We use the postgres jsonb type in one of our DB tables. The table structure is shown below:
CREATE TABLE T ( id UUID NOT NULL PRIMARY KEY, payload JSONB ); CREATE INDEX ON T USING gin (payload jsonb_path_ops);
Payload is a complex json string. The following is one example:
{ "business": { "taxId": "626642071", "legalName": "Jon Deli", "phoneNumbers": [ { "phoneType": "Business", "telephoneNumber": "8384407555" }, { "phoneType": "Work", "telephoneNumber": "6032255248" } ], "addresses": [ { "city": "San Francisco", "state": "CA", "postalCode": "94101", "countryCode": "USA", "addressLine1": "123 Market St" } ] }, "stakeholders": [ { "person": { "taxId": "540646815", "firstName": "GdXFouh", "lastName": "IlUAcgCGz", "dateOfBirth": "1980-12-11", "emailAddress": " jywxsijgix@qaqmlz.com ", "phoneNumbers": [ { "phoneType": "Mobile", "telephoneNumber": "4901371573" } ], "addresses": [ { "city": "San Francisco", "state": "CA", "postalCode": "94101", "countryCode": "USA", "addressLine1": "123 Market St" } ] } } ] }
Note that phoneNumbers , addresses and stakeholders are arrays, which means that there can be several elements in the array.

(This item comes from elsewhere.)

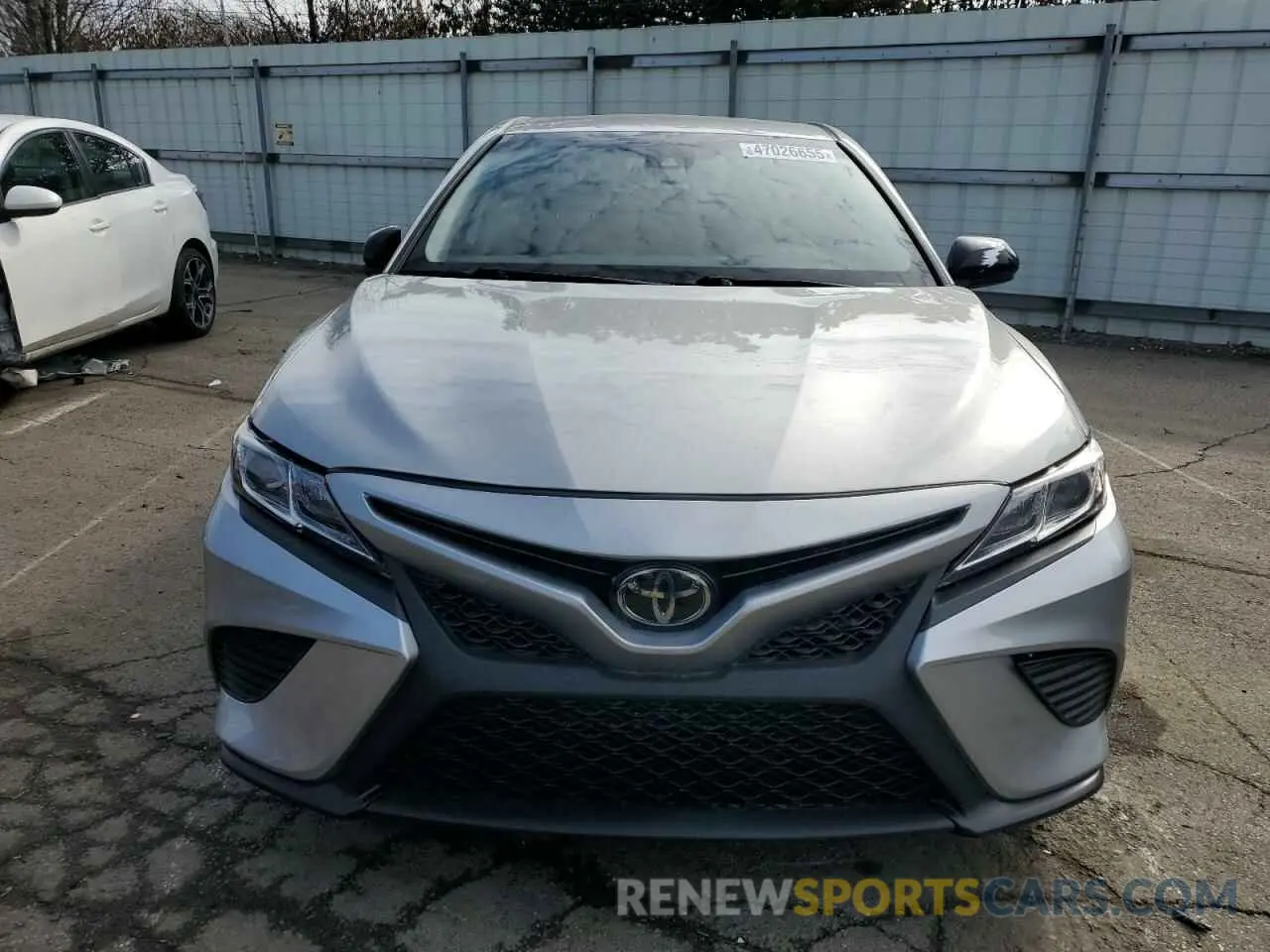 5 fotografías del automóvil dañado 4T1B11HK1KU754906 TOYOTA CAMRY 2019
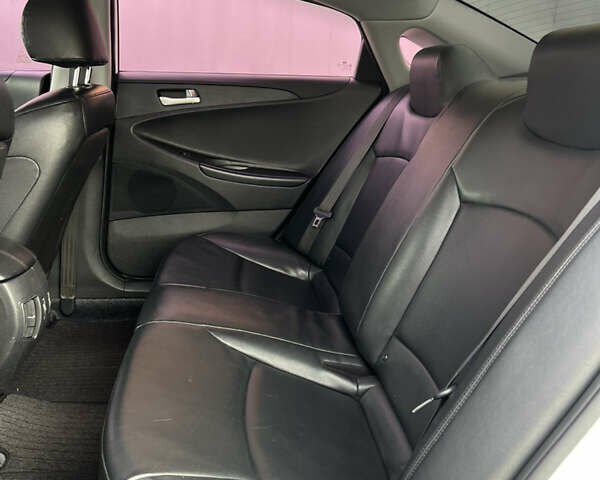 Хендай Соната 2011 в Киеве на Automoto.ua Белый Хендай Соната, объемом двигателя 2 л и пробегом 291 тыс. км за 7600 $, фото 24 на Automoto.ua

I am trying to insert a million rows into a table. Each Payload field is randomly generated. Initially, the testing program is very fast. But after inserting about 800,000 lines, it gets stuck every 1000 lines - insert 1000 lines, then the testing program hangs for 2 minutes, then it comes back and inserts another 1000 lines, ...
We suspect this is due to the huge number of jsonb index updates. Since the index for a single row is updated many fields. We just want to confirm that someone has encountered the same problem.
In fact, we do not need to index the entire Payload column. Only certain fields are required: business->taxId , business->phoneNumbers-> telephoneNumber , stakeholders->person->taxId and stakeholders->person->emailAddress .
I tried the following two indexes:
CREATE INDEX ON T USING gin ((payload->'business'->'taxId') jsonb_path_ops); CREATE INDEX ON T USING gin ((payload ->'stakeholders'->'person'->'taxId') jsonb_path_ops);
And run two statements:
explain select * from T where payload->'business'->'taxId' @> '"123456789"'; (1) explain select * from T where payload->'stakeholders'->'person'->'taxId' @> '"123456789"'; (2)
The first statement uses an index. But the second one does a full table scan, which is very slow. Therefore, we refer to the index of the entire Payload column.
Any suggestion is welcome.
By the way, we are using Postgres 9.5.4.